▶ [Saved entries]
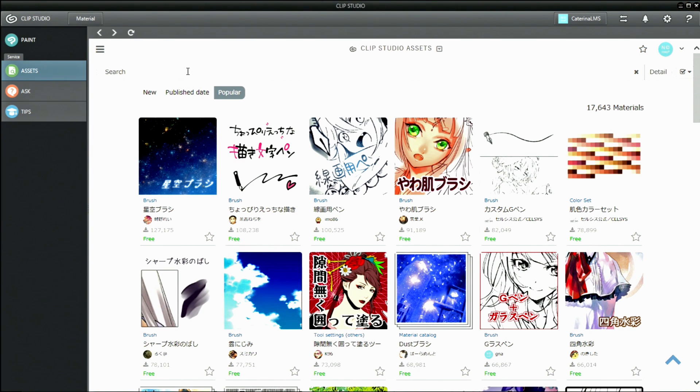If you know a descriptor or the name of a material you want, you can also search for them using the search bar.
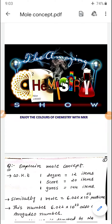Hello, dear students. In the previous lecture we discussed elements, compounds and mixtures — the classification of matter and various types of matter. Classification was explained in two ways: physical classification and chemical classification. In this lecture we will discuss the mole concept.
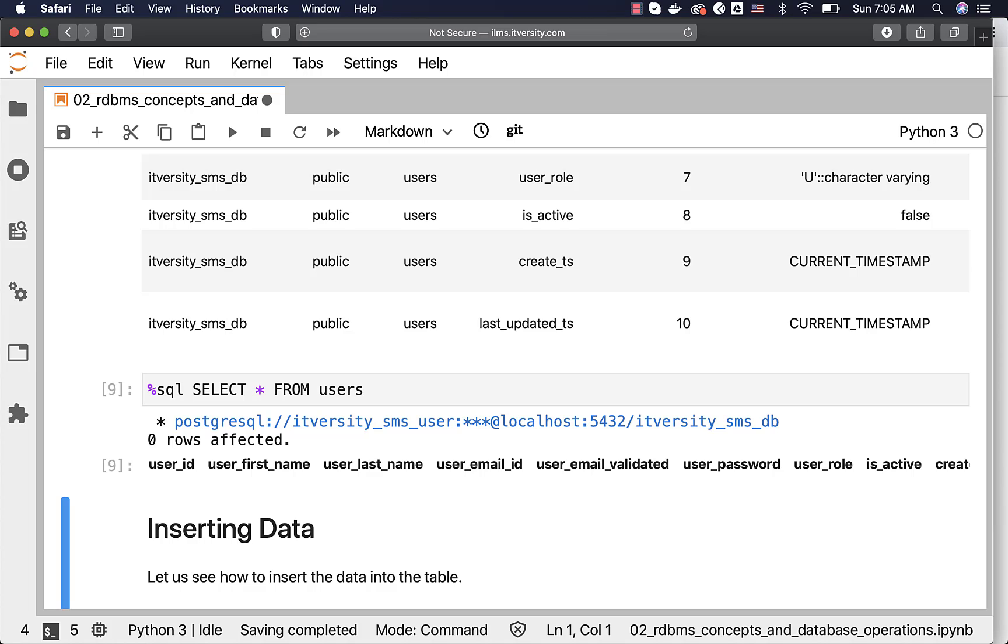Once we populate the data in this table, we should be able to see the results when we run queries against this table. As we are done with create table, now let's talk about inserting data into the table. We will be using users itself to insert data into the table.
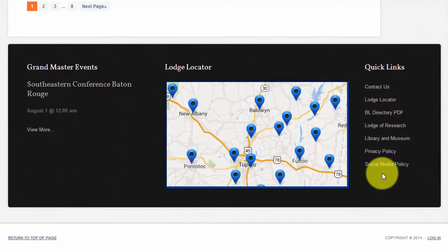Those are the basics for how to navigate the new website. There are certainly many other things to explore, and I hope you will enjoy doing so. Thank you, brethren, for taking a moment to review this video. If you have any further questions or wish to make any suggestions, you can find my contact information listed below. You can also reach me via the website. Thank you.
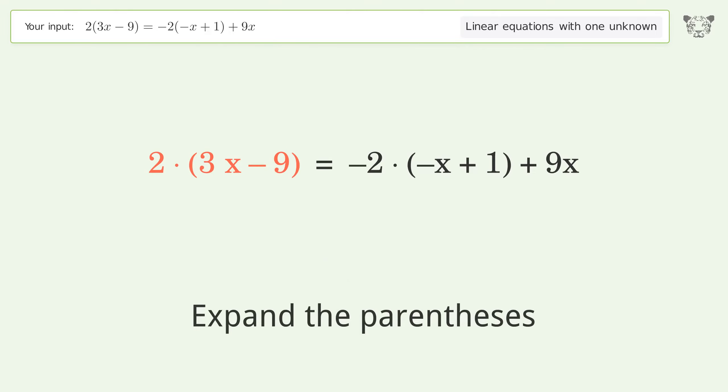Simplify the expression: expand the parentheses. Multiply the coefficients. Simplify the arithmetic.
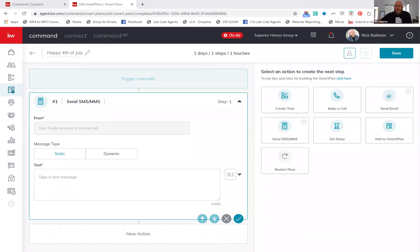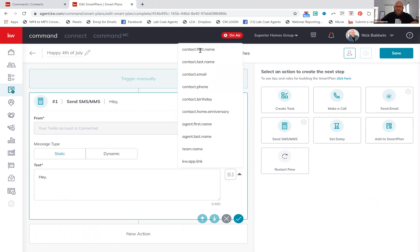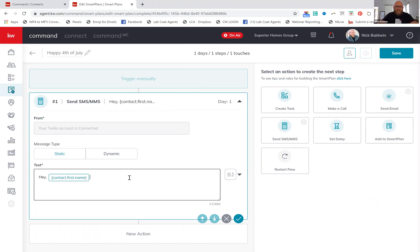So let's jump into Command. I want to jump into smart plans. What I've got here is I'm in smart plans — I clicked create, and I have a text message template here that I'm going to write for 4th of July, because 4th of July is just about a week or so away. I'm going to use a merge field for the contact's first name.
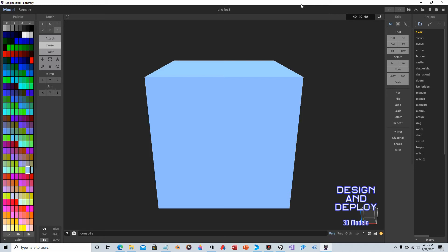Hey everyone, in this video we are going to take a look at the free to use 3D modeling application MagicaVoxel. MagicaVoxel can be downloaded from GitHub. So in this video, what I'm going to do is make a few blocks that will be utilized in an upcoming Unity tutorial. I'm going to do a how to make a Minecraft Voxel type game tutorial, and people ask how to get the assets, so I'm going to make the assets first, at least a few of them.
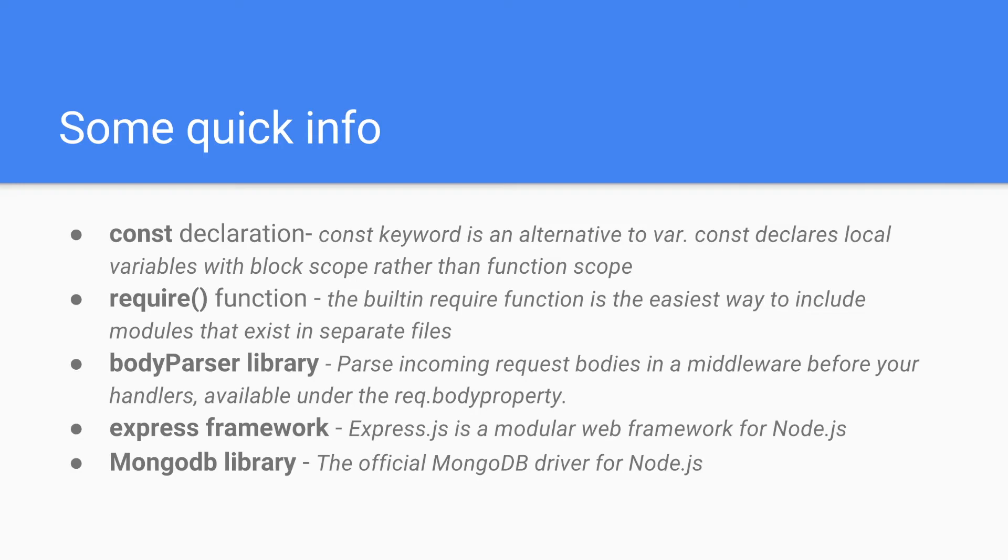Express framework. Express.js is a modular web framework for Node.js. It is used for easier creation of web applications and services.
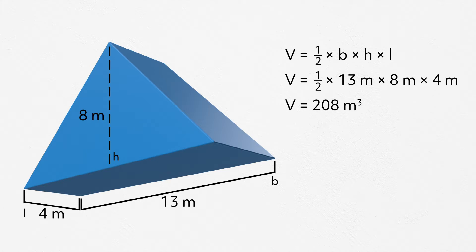So, we have volume equals one-half times base times height times length. And once we solve, we get our answer, which is 208 meters cubed. It's important to know that when dealing with volume, we'll always have cubic units because we're multiplying the units by themselves three times.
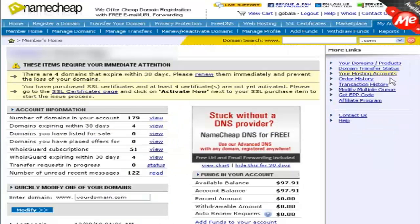When you are logged in to your Namecheap account, just enter your domain name here and then click on modify.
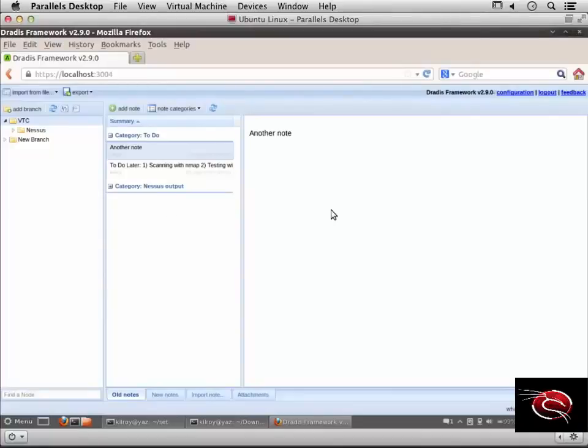I have many options for organization and the flexibility to organize it in the way that makes the most sense to me.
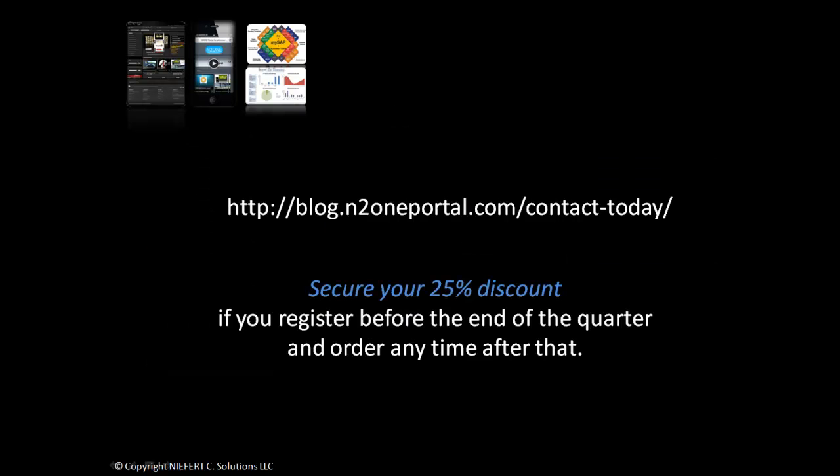Contact us today. If you register by the end of the quarter, you earn a 25% discount. Thank you.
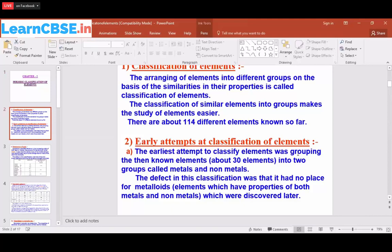In earlier days, scientists discovered elements like sodium, chlorine, fluorine, and hydrogen and faced the problem of how to arrange them. The earliest attempt was grouping elements into metals and non-metals. However, the defect in this classification was that there was no place for metalloids, which have characteristics of both metals and non-metals.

▶ [Task brief] From the first line to the last, give the data again exactly, but without pictures.

▶ [Output of the exercise]
If you know a descriptor or the name of a material you want, you can also search for them using the search bar.
Hello, dear students. In the previous lecture we discussed elements, compounds and mixtures — the classification of matter and various types of matter. Classification was explained in two ways: physical classification and chemical classification. In this lecture we will discuss the mole concept.
Once we populate the data in this table, we should be able to see the results when we run queries against this table. As we are done with create table, now let's talk about inserting data into the table. We will be using users itself to insert data into the table.
Those are the basics for how to navigate the new website. There are certainly many other things to explore, and I hope you will enjoy doing so. Thank you, brethren, for taking a moment to review this video. If you have any further questions or wish to make any suggestions, you can find my contact information listed below. You can also reach me via the website. Thank you.
Simplify the expression: expand the parentheses. Multiply the coefficients. Simplify the arithmetic.
So let's jump into Command. I want to jump into smart plans. What I've got here is I'm in smart plans — I clicked create, and I have a text message template here that I'm going to write for 4th of July, because 4th of July is just about a week or so away. I'm going to use a merge field for the contact's first name.
Hey everyone, in this video we are going to take a look at the free to use 3D modeling application MagicaVoxel. MagicaVoxel can be downloaded from GitHub. So in this video, what I'm going to do is make a few blocks that will be utilized in an upcoming Unity tutorial. I'm going to do a how to make a Minecraft Voxel type game tutorial, and people ask how to get the assets, so I'm going to make the assets first, at least a few of them.
Express framework. Express.js is a modular web framework for Node.js. It is used for easier creation of web applications and services.
So, we have volume equals one-half times base times height times length. And once we solve, we get our answer, which is 208 meters cubed. It's important to know that when dealing with volume, we'll always have cubic units because we're multiplying the units by themselves three times.
When you are logged in to your Namecheap account, just enter your domain name here and then click on modify.
I have many options for organization and the flexibility to organize it in the way that makes the most sense to me.
Contact us today. If you register by the end of the quarter, you earn a 25% discount. Thank you.
In earlier days, scientists discovered elements like sodium, chlorine, fluorine, and hydrogen and faced the problem of how to arrange them. The earliest attempt was grouping elements into metals and non-metals. However, the defect in this classification was that there was no place for metalloids, which have characteristics of both metals and non-metals.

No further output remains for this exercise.